Problem description => Copy exactly, beginning with the line holding "adidas(アディダス)の「キャンパス 00s ウィンター" and ending with the final line of the data beneath this task; copy nothing else, and leave out every picture.

Collected data:

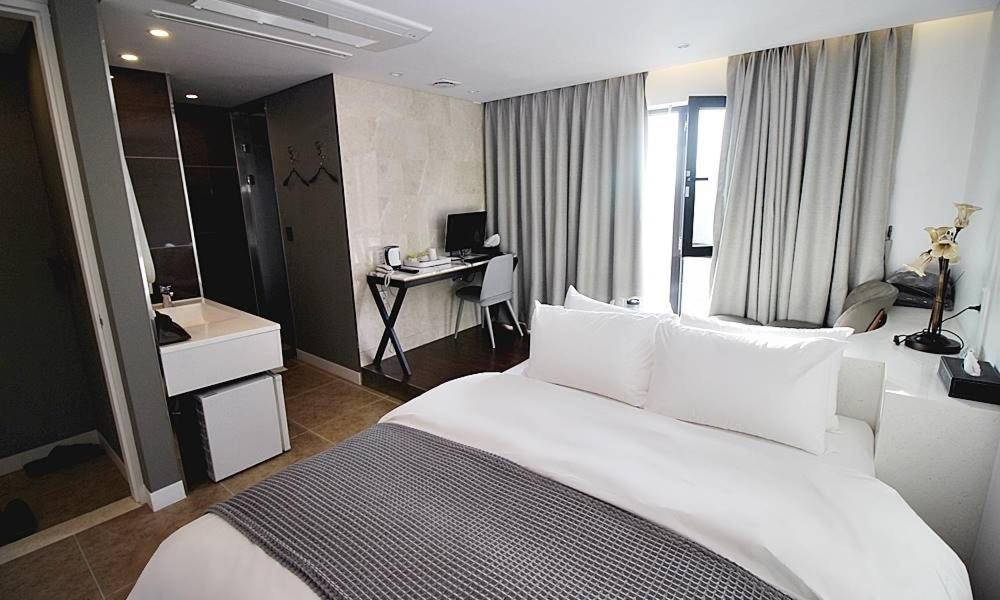 Circle Motel Seoul
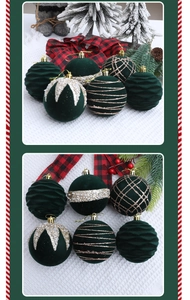 Dettaglio di palline di Natale da 8cm in velluto verde scuro con glitter dorati e perle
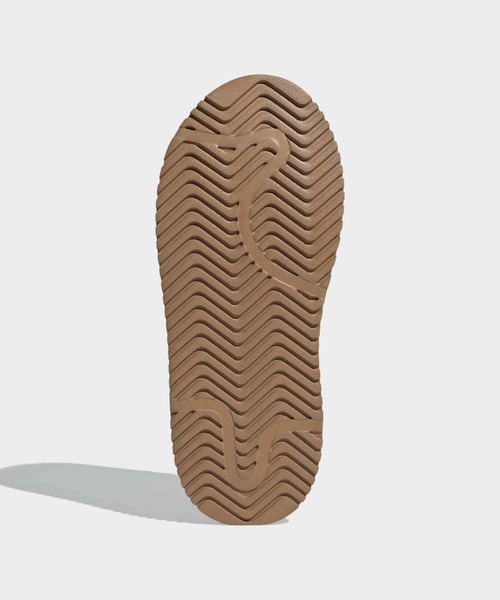 adidas(アディダス)の「キャンパス 00s ウィンター ローカット / Campus 00s Winter Low / アディダスオリジナルス adidas Originals(スニーカー・レディース・ベージュ・24.0cm/22.0cm/26.0cm/26.5cm/27.0cm/27.5cm/25.5cm/24.5cm/25.0cm/28.0cm/22.5cm/23.0cm/23.5cm)」の6枚目の写真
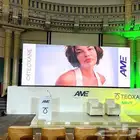 شاشات عرضيه تفاعليه عملاقه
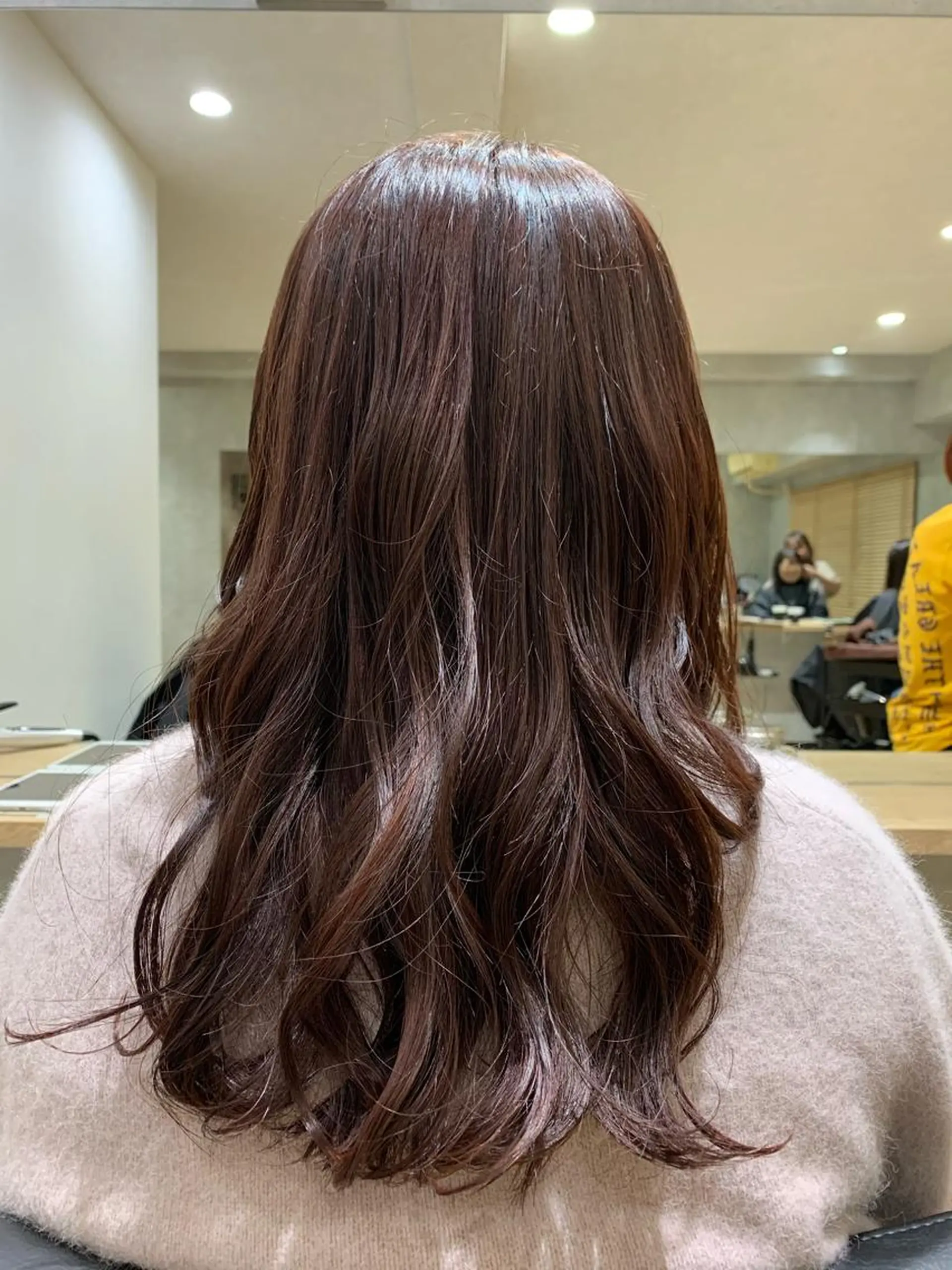 セミロング カラー エンドウ　ミノリ🤎 /半個室/レイヤーのヘアスタイル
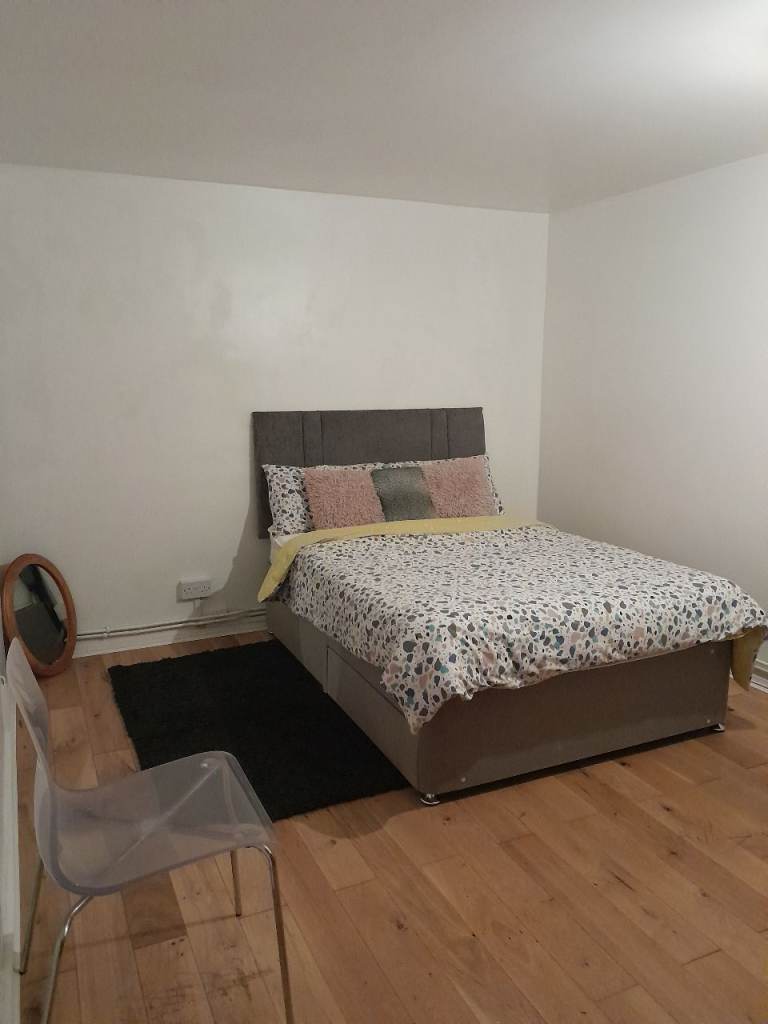 A Large Double Room To Let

Written response =>
 adidas(アディダス)の「キャンパス 00s ウィンター ローカット / Campus 00s Winter Low / アディダスオリジナルス adidas Originals(スニーカー・レディース・ベージュ・24.0cm/22.0cm/26.0cm/26.5cm/27.0cm/27.5cm/25.5cm/24.5cm/25.0cm/28.0cm/22.5cm/23.0cm/23.5cm)」の6枚目の写真
 شاشات عرضيه تفاعليه عملاقه
 セミロング カラー エンドウ　ミノリ🤎 /半個室/レイヤーのヘアスタイル
 A Large Double Room To Let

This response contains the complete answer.